One of the main reasons many people delay filing their taxes is that they are disorganised.  They don’t know where all the information is and they are not really sure what they actually need.  People dread having to search and process information and thus put it off as long as they possibly can.  It really doesn’t have to be that big a deal and it just requires you to have a designated system that you follow every year.  Don’t let the paper clutter and the process of finding the information overwhelm you!

I recently discussed tax time preparation with Stacey PriceSohpie Price Photo from Healthy Business Finances and between the two of us we hope these 10 tips assist you no matter what stage of organisation or disorganisation you are at when it comes to tax time!

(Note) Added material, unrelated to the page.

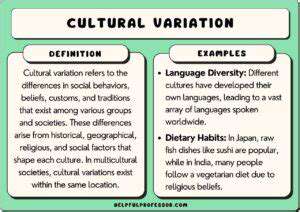 CulturalVariationsandMisinterpretations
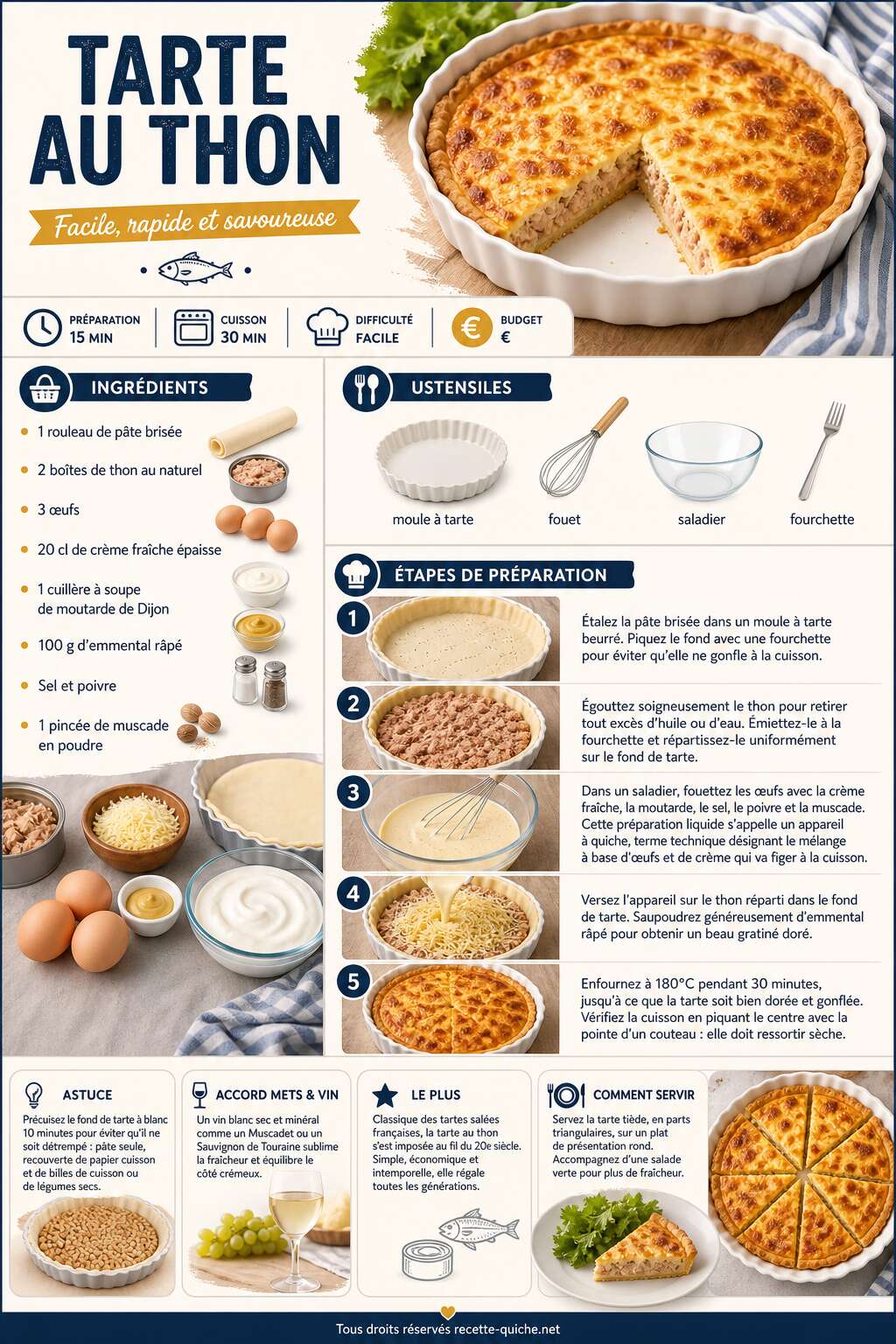 Fiche recette Tarte au thon facile : recette rapide et savoureuse Fiche recette Tarte au thon facile : recette rapide et savoureuse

  1. Address details – consider if you have moved address during the year.  You don’t want your annual payment summary from your employer to be posted to the wrong address.  This is also really important if you have changed jobs during the year – let your previous employer know where to send your payment summary.
  2. Bank accounts – usually on your last statement for the financial year the bank accounts will tell you your interest earned.  You don’t need to give your tax accountant every single statement for the year – but that final one is important.
  3. Health insurance statement – you will need your annual health statement for your tax return.  Most funds email them out – so again, check they have the right details.
  4. Email and manual tax folders – we suggest starting a folder in your email directory called “tax 2015 financial year” – that way when you receive receipts, statements, payment summaries – they are all stored in the one spot and easily found.  You can also set up a manual one if you haven’t already.  This is then something you should start for the next financial year too.
  5. Rental Property – if you use a rental agent, they should provide you with a statement detailing your income and expenses for the property for the year.  This annual statement is gold and will form part of your tax return.
  6. Dividends – if you own shares, during the year you may receive dividends.  Often by the time tax time comes around the fiddly dividend pieces of paper can be filed anywhere!  If you struggle to keep the paperwork in order, then I suggest printing statements from your share provider – such as computershare or investor centre – wherever the shares are held.  Then you can just print out a yearly summary.
  7. Tax Deductions – do you need a way to capture small receipts during the year that are tax deductions?  Usually the biggest ones are for donations ie daffodil day pens, ANZAC poppies – a few dollars here and there soon add up but the receipts are nowhere to be seen.  One way is to take photos of them on your phone, email them to yourself and save the email in the directory you setup in your inbox called “Tax 2015 financial year”.
  8. Don’t know what you need – then it might be time to pull out last years tax return as a refresher.  As a result of this you might like to put together a checklist of all the documents you might need.  If you do this then save it in your tax folder either manual or electronic.
  9. Storing tax information – only keep the documents of the current year and the previous year close to where you work.  Reduce the amount of paper and files by putting previous years tax information elsewhere in your home, labeled appropriately. If you are not sure what needs to be saved and for how long then please ask your accountant or visit the ATO so you know!
  10. Destroying tax information – You don’t need to keep all your information for ever and once you understand how long you must hold onto records for you can then destroy older information and can then do this on a yearly basis by destroying the relevant year.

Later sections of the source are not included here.